Facebook battle settled as Nuri Sushi owner gets sole rights


THE owner of the popular sushi outlet, Nuri Sushi, will finally have exclusive and sole administration rights over the business’s Facebook social media page following a court battle.

Owner, Bonny Levi, and ex co-owner Mehdi Pakdoust headed to court over the administration rights of the business’ Facebook page - which has more than 12 000 followers - after their business relationship soured.

Pakdoust had allegedly removed Levi as an administrator of the page and according to the judgment, “it has led to a Meta dispute spanning continents”.

Western Cape High Court Acting Judge Michael Bishop said: “In the end, it turned out it was all the fault of (the marketing manager)” who had unknowing to all parties opened a business manager page that threw a spanner in the works in handing over sole administration rites to Levi.

“A Facebook Page – unlike a personal Facebook account – is run by an ‘administrator’. The administrator must be a Facebook user.

“Pakdoust was a Facebook user and while he and Levi were still working together, he was an administrator of the Nuri Sushi page. Levi was not a personal Facebook user. But he also acted as an administrator of the Nuri Sushi page through another of his businesses that did have a Facebook account – Eastern Food Bazaar. An administrator of a Facebook page has many powers. He can add content to the page. He can invite other Facebook users to become administrators of the page. And he has the ability to remove existing administrators.
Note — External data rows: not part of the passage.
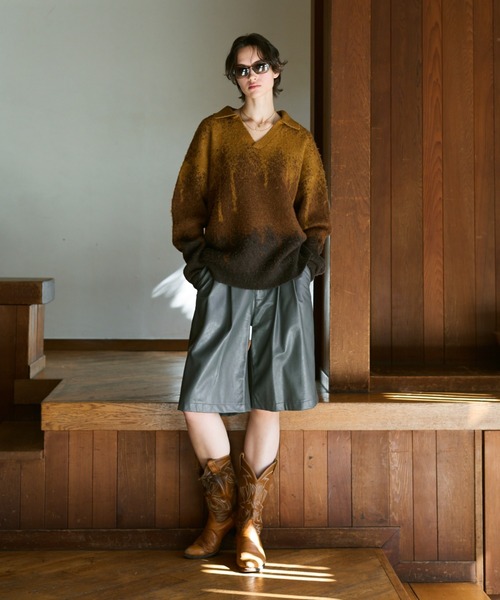 soerte（ソエルテ）の「Irregularity Gradation Skipper Knit/イレギュラーグラデーションスキッパーニット（ポロシャツ・メンズ・ブルー/ブラウン/グリーン・1/2/3）」の22枚目の写真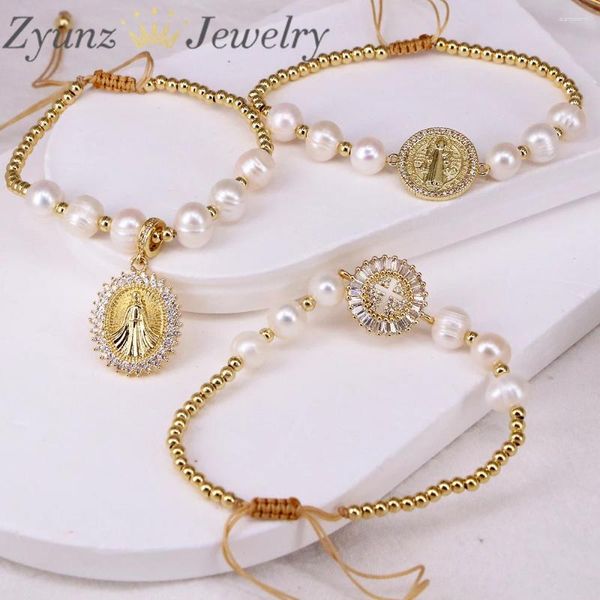 Pulseras de encanto 5 unids Virgen María Pulsera Joyería Cristiana Pulseras Regalos para Amigos Natural Agua Dulce Perla Mujeres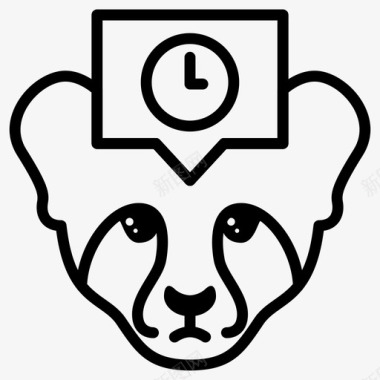豹宝宝时钟表情符号图标图标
“That is what Pakdoust did to Levi. On 26 April 2021, he removed Levi’s agent – Eastern Food Bazaar – as an administrator of the Nuri Sushi Page.

This seems to be have been the culmination of the dispute between the parties about Nuri Sushi. Fortunately, a month later, the parties were able to settle their disputes. Levi agreed to buy out Pakdoust’s share in Nuri Sushi for R1.5 million,” the judgment read.

A clause of this settlement was that Pakdoust disengaged on all social media platforms relating to Nuri and that he was to remove himself as the administrator and hand over to Levi all and any passwords and access information that may be required from time to time.

Acting Judge Bishop said: “This seems like a relatively simply clause… But it does not translate accurately into Facebook lingo. What Facebook required to transfer control was for Pakdoust to make Levi (or his agent) an administrator, and then remove himself as an administrator. It could not be achieved through the handing over of ‘passwords and access information’. It took two experts and American lawyers to figure out how to actually achieve something that ought to have been easy.”

During litigation it was found that the marketing manager “created the Meta Business Manager Page, without informing anyone” and because of this, the page could continue to exist.

“Pakdoust agreed to make Levi the administrator of the Facebook Page. Because of (the marketing manager’s) presumably well-intentioned changes, he was technically unable to do so. Until Meta told him how in April this year. Since then, he has been able to make Levi the administrator, and has refused to do so without further payment in the form of Levi compromising costs awards. Pakdoust was not entitled to any further payment,” said Judge Bishop.

Attempts to get comment from both parties were unsuccessful by deadline.